This morning I went running into my housemate’s room in a frenzy. An NHS watchdog had announced that there’s a risk of carrying excess weight around your middle if your waist size is more than half your height. So, obviously, I had to check: ‘Have we got a tape measure?’
Together, with four hands and two pairs of eyes, we navigated my body with a retractable metal tape, and established that, according to the new guidance, I’m healthy – just. Seven more centimetres on my middle and I would have been facing a problem.
For context, the average woman’s waist size in the UK is 33 inches, while the average height is 5’3. ‘I don’t think my waist size was ever half my height, including when I was in my 20s and size 12-14!’ wrote one woman on Twitter.
‘Horrible week to have an eating disorder,’ added an NHS clinical nurse. ‘A healthy weight is different for EVERYONE and you can’t generalise like this. It’s lazy science and won’t help anyone.’
The watchdog who outlined the new waist to height ratio rule (The National Institute for Health and Care Excellence) recommended the formula to people whose body mass index (BMI) was under 35 (30 is obese). For reference, my BMI is 23.9 and 25 means you’re overweight – at least, according to that system.
But there is no magic formula for good health and there are infinite ways the body can be composed. Have we forgotten that muscle weighs more than fat? Many personal trainers have been classified as obese according to BMI calculations.
The problem is, the height-to-waist ratio ‘rule’ – and the government’s wider Better Health strategy – appears to be based on a one-size-fits-all approach to health – which by its very nature can’t fit everyone.

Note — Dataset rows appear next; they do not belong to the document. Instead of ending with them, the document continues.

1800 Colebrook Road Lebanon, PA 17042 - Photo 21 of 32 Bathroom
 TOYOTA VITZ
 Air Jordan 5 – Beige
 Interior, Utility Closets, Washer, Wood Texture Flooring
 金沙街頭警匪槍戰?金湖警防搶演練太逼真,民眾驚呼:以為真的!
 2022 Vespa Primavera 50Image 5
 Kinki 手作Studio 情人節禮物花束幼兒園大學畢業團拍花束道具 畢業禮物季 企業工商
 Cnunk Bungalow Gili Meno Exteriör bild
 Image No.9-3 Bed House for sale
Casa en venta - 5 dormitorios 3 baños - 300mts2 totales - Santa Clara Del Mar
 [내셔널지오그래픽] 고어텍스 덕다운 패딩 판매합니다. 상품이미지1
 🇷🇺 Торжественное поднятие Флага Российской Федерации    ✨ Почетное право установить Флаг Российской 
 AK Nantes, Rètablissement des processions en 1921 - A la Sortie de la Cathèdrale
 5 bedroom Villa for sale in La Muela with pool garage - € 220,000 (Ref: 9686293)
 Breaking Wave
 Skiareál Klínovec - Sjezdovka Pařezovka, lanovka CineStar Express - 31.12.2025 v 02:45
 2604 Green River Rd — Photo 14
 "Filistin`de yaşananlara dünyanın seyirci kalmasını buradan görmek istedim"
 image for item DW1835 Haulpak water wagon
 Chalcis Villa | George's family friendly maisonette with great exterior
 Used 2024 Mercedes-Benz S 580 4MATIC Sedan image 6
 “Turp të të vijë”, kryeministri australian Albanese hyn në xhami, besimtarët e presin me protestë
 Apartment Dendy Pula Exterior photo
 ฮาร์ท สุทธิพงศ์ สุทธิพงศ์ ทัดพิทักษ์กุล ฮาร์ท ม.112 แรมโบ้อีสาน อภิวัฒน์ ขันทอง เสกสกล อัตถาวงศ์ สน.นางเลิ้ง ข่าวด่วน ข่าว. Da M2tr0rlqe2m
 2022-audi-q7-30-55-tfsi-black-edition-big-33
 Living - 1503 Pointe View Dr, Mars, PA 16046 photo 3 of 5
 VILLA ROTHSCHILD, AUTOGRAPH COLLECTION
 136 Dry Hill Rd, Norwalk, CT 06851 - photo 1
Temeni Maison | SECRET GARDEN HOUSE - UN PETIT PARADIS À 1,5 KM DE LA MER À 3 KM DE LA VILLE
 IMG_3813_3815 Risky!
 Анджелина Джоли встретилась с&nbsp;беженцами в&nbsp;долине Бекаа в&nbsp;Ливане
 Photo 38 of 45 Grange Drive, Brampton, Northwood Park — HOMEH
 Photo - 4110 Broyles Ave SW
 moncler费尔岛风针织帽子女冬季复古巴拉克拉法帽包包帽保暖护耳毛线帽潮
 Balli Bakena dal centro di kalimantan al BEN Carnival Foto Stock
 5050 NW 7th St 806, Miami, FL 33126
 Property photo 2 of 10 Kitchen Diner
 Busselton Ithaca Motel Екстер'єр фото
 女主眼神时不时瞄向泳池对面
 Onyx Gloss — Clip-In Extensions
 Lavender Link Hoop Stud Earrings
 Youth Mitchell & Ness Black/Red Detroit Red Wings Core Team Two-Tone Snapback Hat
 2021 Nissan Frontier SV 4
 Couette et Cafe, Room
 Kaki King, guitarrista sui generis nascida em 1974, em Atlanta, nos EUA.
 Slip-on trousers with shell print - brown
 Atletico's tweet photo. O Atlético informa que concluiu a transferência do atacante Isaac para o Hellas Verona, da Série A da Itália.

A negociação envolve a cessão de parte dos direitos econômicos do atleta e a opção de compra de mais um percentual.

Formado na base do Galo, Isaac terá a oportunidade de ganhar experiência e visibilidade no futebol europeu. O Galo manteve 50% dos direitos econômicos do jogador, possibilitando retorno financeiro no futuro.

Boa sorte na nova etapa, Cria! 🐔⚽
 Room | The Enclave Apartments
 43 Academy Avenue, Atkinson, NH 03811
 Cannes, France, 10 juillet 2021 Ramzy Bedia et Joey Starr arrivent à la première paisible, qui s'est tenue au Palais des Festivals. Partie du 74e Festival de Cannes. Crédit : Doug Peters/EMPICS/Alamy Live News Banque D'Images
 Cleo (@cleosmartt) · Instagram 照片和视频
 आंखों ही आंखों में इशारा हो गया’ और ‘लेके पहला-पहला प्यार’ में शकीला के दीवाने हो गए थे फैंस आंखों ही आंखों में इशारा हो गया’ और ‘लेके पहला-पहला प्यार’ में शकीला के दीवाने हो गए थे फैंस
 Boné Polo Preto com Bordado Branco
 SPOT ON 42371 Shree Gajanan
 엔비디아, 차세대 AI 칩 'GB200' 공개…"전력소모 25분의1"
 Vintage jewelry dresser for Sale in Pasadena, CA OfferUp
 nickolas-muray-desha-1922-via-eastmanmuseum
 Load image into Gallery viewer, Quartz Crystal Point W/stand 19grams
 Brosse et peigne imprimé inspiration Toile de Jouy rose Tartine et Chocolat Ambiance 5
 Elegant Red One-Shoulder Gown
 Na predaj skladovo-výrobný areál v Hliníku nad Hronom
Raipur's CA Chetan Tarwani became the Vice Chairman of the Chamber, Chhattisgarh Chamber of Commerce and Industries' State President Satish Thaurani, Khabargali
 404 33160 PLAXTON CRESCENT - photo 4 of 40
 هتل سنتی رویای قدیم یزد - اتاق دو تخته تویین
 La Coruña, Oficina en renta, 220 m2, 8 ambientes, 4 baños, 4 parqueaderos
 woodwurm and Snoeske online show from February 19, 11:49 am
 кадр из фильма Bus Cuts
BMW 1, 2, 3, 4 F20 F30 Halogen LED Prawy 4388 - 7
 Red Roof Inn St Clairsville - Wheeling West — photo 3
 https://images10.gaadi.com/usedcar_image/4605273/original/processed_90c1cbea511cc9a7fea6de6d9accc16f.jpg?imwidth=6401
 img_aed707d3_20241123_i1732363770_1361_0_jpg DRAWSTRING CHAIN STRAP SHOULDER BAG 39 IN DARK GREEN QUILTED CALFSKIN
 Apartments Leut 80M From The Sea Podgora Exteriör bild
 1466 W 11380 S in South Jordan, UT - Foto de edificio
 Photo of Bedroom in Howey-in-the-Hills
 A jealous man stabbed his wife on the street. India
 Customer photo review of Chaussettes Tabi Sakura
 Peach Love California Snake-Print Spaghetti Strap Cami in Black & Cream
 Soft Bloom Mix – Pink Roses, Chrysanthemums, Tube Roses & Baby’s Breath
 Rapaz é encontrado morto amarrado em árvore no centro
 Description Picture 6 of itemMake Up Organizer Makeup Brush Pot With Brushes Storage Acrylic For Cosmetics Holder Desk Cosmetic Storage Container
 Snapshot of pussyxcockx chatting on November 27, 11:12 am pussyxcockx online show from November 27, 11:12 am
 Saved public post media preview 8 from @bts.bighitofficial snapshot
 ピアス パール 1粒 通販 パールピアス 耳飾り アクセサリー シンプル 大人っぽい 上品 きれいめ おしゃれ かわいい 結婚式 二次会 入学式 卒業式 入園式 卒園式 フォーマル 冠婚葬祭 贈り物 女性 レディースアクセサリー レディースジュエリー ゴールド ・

After measuring my waist this morning, although I was just healthy enough according to that measurement, I looked at my bowl of granola differently and put off writing this piece so I could go on a 5k panic run.
I’m currently what I consider a stable size. The only time I’ve been smaller I was either a child or eating two apples for lunch and soup for dinner while an eating disorder gripped me through my early twenties. Currently, I mostly eat a balanced diet and exercise three to four times a week, but the intrusive thoughts about being thinner are still there.
Calorie counts on menus, waist-height calculations, or BMI recommendations that leave grey areas around the intricacies of what a healthy body truly means, aren’t the answers to tackling type two diabetes, high blood pressure or heart disease. In fact, they can exacerbate issues for those with eating disorders and actively drag the joy of eating from most social interactions.
Food is intrinsically linked to emotion. Whether an assertion of control through calorie counting or a search for comfort in a big bowl of nuggets, what’s on our plate is as much about mental wellbeing as it is about physical health.
The UK needs an approach to under and overeating that prioritises compassion and recognises it’s impossible to address obesity without mental health being at the forefront of treatment. To yell from the roof tops that a certain number of inches indicates you’re taking up too much space in the world is bullying and regressive. We’re not on a 90s diet show.